The US stock market bounced back from its worst slump in six years yesterday — but not before Asian and European markets took a hit.
Euronews asked three economists how this happened, what they think the next year might look like and how the US drop impacted European markets.
How did we get here?
Jasper Lawler, Head of Research at London Capital Group, told Euronews this was one of the "most predicted pullbacks" in the US stock market's history.
"Things can't go up in a straight line," he said, "stock market volatility has been at record lows for the past year and this created a 'coiled spring' effect".
Lawler said the lack of volatility compressed this "spring" to such unusually low levels that when there was a spark of concern in the past week—that inflation may pick up and cause higher interest rates, leading to people being less enthusiastic about buying stock—it sprang open.
Desire for higher wage numbers 'caught people on the hop'
Chris Beauchamp, Chief Market Analyst at IG, sees the US jobs report and wage numbers as potential culprits for the "sell off," which caused the cascade movement in the stock market.
"You had a stronger wage number in the US, which comes after months and months of people saying 'gosh we need higher wages in the US' and this really appeared to catch people on the hop," he said.
Beauchamp thinks stocks have been overdue this move for some time, as 2017 has been quiet so far and people "got too complacent".
'Not enough chairs in the end'
Jochen Stanzl, Chief Market Analyst at CMC Markets, agrees with his fellow economists, describing the highly valued stock market like a game of musical chairs and saying "it was clear to everyone that there would not be enough chairs in the end".
"Automatic trading systems and fund managers now sit on large cash amounts that will sooner or later find their way back into the markets again," he said.
How does this affect Europe?
'When the US sneezes everyone else catches a cold'
"What happens to the US happens to Europe," said Lawler, "when US markets dive like that you're going to see Asian and then European markets fall as well."
He compared this situation to 2008, in that the US housing crisis sparked a global financial crash.
Lawler explains that the European market hasn't been as "excessively bullish" as the US' and therefore neither experienced a hike nor drop to the same extent.
Europe experienced a 'hefty dose of volatility'
Europe experienced "a hefty dose of volatility," which saw stocks going down, according to Beauchamp.
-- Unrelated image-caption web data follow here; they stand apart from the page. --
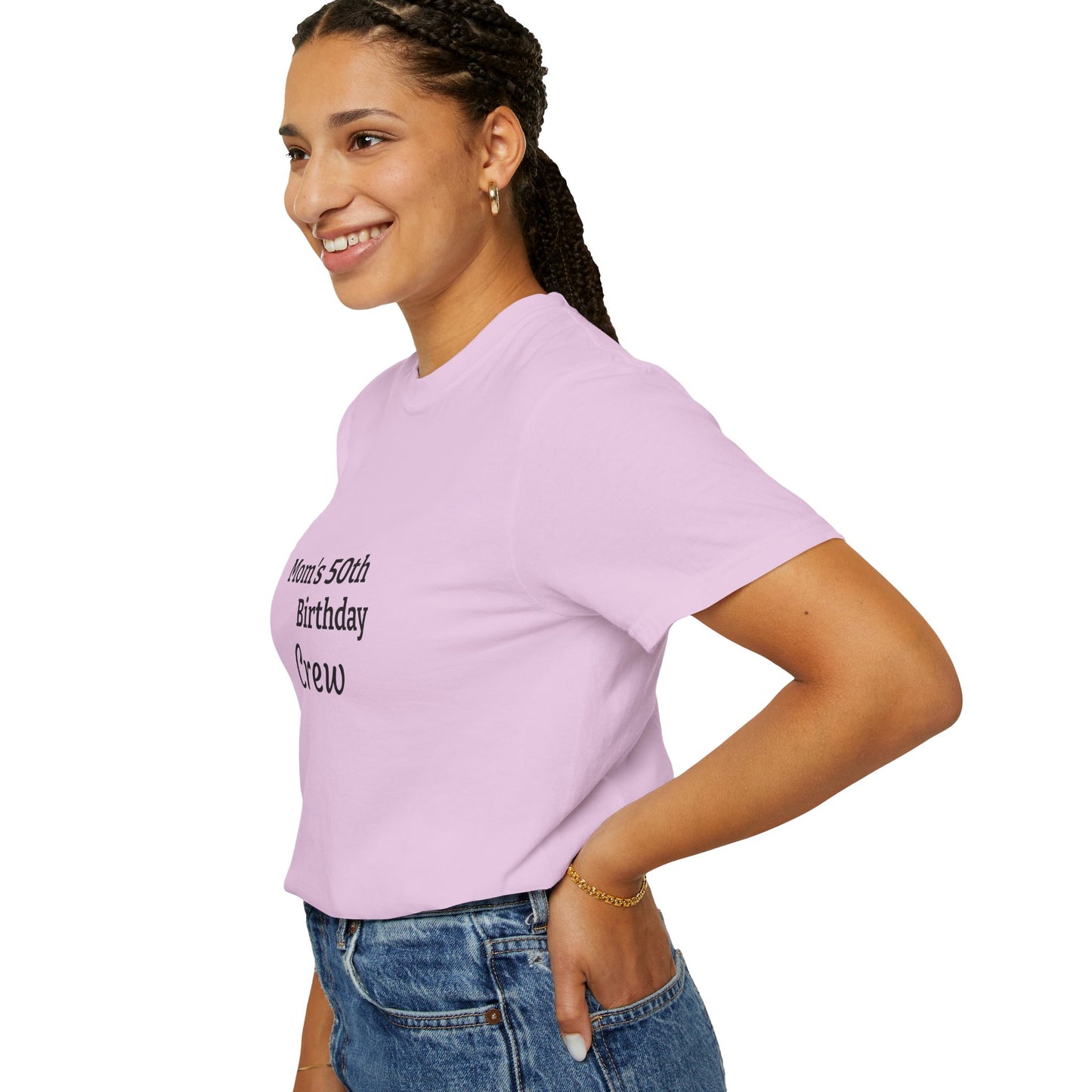 *CUSTOMIZABLE* Crew T-Shirt "Mom's 50th Birthday"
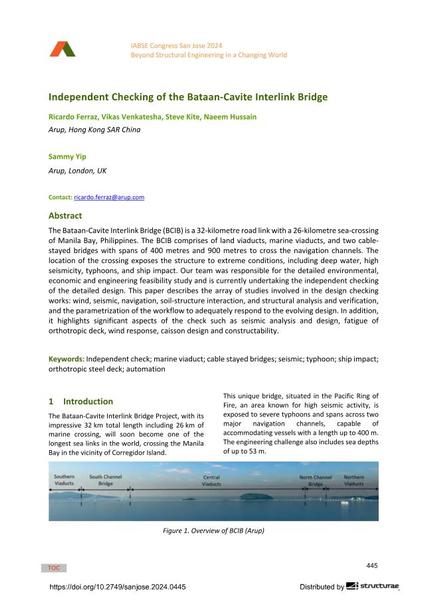  Independent Checking of the Bataan-Cavite Interlink Bridge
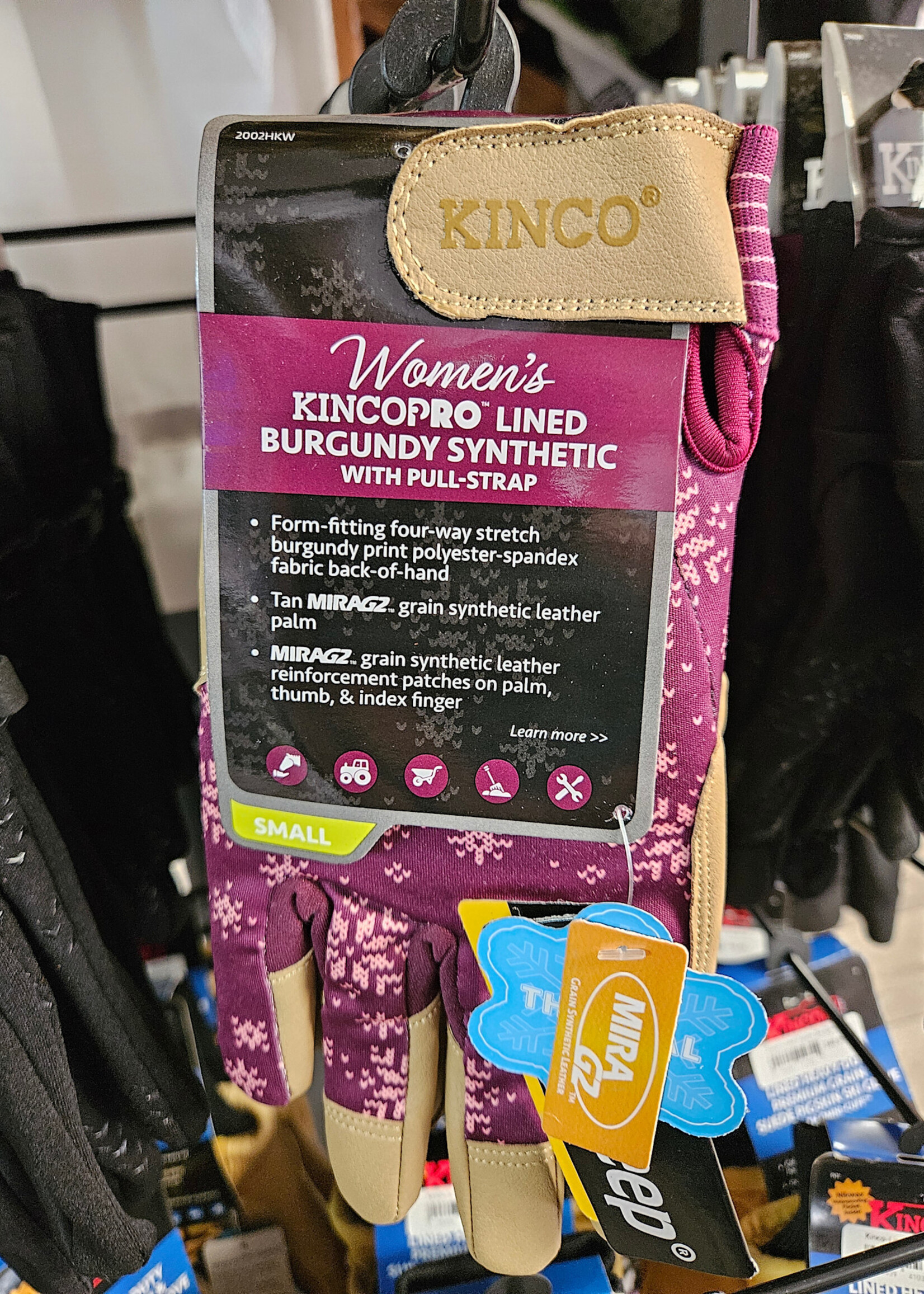 Kinco Kinco Womens Pro Lined Burgundy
Both the UK's FTSE and Germany's DAX saw record highs in the last month but they weren't as strong as the US, so he agrees with Lawler that Europe didn't have as hard a time of it as its American counterparts.
What can we expect in the next year?
The three analysts don't believe the volatile week in the markets will lead to another financial crash and they remain optimistic that the markets will recover. Exactly when, and to what level, they recover is up for debate.
Lawler doesn't think this bout of volatility is the start of an economic downturn.
"Actually, the global economy looks very healthy", he said, "generally with this economic backdrop you wouldn't expect the economy to roll over."
His prediction is that over the next few days the market will gradually make its way back up again to finish the year "probably on record highs".
This shouldn't be the start of a global financial crash, according to Beauchamp, which some people may have thought when they read Tuesday's headlines.
He sees it as a "dip along the way" and would be surprised if the market didn't recover in due course, reassuring that "equity markets over the long term remain very, very strong".
"We should expect to see these brief downward moves that knock the market back so it can then move higher again," he said.
Adding, this is "something long-term investors should welcome as it provides them with the opportunity to buy stocks in a 'sudden discount sale'".
"If we could learn anything from the recent sell-off then it is the amount of danger real inflation could play for the financial markets in 2018," Stanzl warns.
Although at the moment there is no real sign of inflation picking up, if there were any increase in consumer and producer prices, central banks might be forced to hasten their approach to hike rates—which they are not really able to do given the high global debt loads, he explained.
Stanzl agrees with Beauchamp, advising: "Anyone who wanted to go long in the Dow Jones doesn't have any argument not to buy right now ... Except the fear that it (the stock market) might go even lower."